I know solving $\frac{d}{dy}(\frac{dx}{dy})=\frac{d}{dy}(\frac{1}{\frac{dy}{dx}}) = \frac{-\frac{d}{dy}(\frac{dy}{dx})}{(\frac{dy}{dx})^2} = - \frac{d^2y}{dx^2}(\frac{dy}{dx})^{-3}$
But I like to know why its wrong to write $\frac{d}{dy}(\frac{dx}{dy})=\frac{dy(\frac{dx}{dy})-dx\frac{dy}{dy}}{(dy)^2}$
Thanks.
I do not know why you would write like that. But my guess would be you are treating $\frac{dx}{dy}$ as a ratio and are trying to use the quotient rule.
$$(\frac{u}{v})'=\frac{vu'-uv'}{v^2}$$
Which is fine, Except... you will not get what you wrote.
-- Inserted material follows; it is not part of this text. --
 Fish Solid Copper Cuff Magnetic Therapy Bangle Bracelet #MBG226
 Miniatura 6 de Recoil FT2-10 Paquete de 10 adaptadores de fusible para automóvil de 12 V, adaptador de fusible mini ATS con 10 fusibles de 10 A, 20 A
You will instead get
$$ \frac{dy(\frac{d}{dy}(dx))-dx(\frac{d}{dy}(dy))}{(dy)^2} $$
Also I don't know what $\frac{d}{dy}(dx)$ and $\frac{d}{dy}(dy)$ would mean and result.
– Rajesh Marndi Mar 13 '21 at 04:38\begin{eqnarray} d \left(\frac{dx}{dy}\right) &=& \frac{d^2x dy - dx d^2y}{dy^2} \\ &=& \frac{d^2x dy/dx^3 - d^2y/dx^2}{dy^2/dx^3} \end{eqnarray} $d^2 x$ is the small change of $dx$. when $x$ is a "input variable", you can set $d^2x = 0$. But when you describe x as function of other variable like x = x(t) and consider t as an input, you have to revive this term. by setting $d^2x = 0$
\begin{eqnarray} \frac{d}{dy} \left(\frac{dx}{dy}\right) &=& - \frac{ d^2y/dx^2}{dy^3/dx^3} \end{eqnarray}
The above consideration about $d^2x$ is illustrated in the following example. The transformation shown below may seem correct but it omits the dependence on $d^2x$ and yield incorrect result.
$$ \frac{d^2y}{dt^2} = \frac{d^2y}{dx^2} \frac{dx^2}{dt^2} $$
The term $d^2x$ has to be revived in this way.
$$ d^2y = d (dy) = d(y' dx) = dy' dx + y' d^2x $$ Now using the relation $dy'/dx = y''$ \begin{eqnarray} \frac{d^2y}{dt^2} &=& y'' \frac{dx^2}{dt^2} + y' \frac{d^2x}{dt^2} \\ \end{eqnarray} This is a correct transformation. In this example, if you state $ y'' = \frac{d}{dx} \left(\frac{dy}{dx}\right) $ and use relation $ d \left(\frac{dy}{dx}\right) = \frac{d^2y dx - dy d^2x}{dx^2} $ Then $$ \frac{d}{dx} \left(\frac{dy}{dx}\right) = \frac{d^2y}{dx^2} - \frac{dy}{dx} \frac{d^2x}{dx^2} $$ The ambiguity occurs because you can either say $$ y'' = \frac{d^2 y}{dx^2} $$ or $$ y'' = \frac{d^2 y}{dx^2} - \frac{dy}{dx} \frac{d^2x}{dx^2} $$ To avoid this ambiguity, we should define y'' to refer only to the case where $d^2 x$ is zero.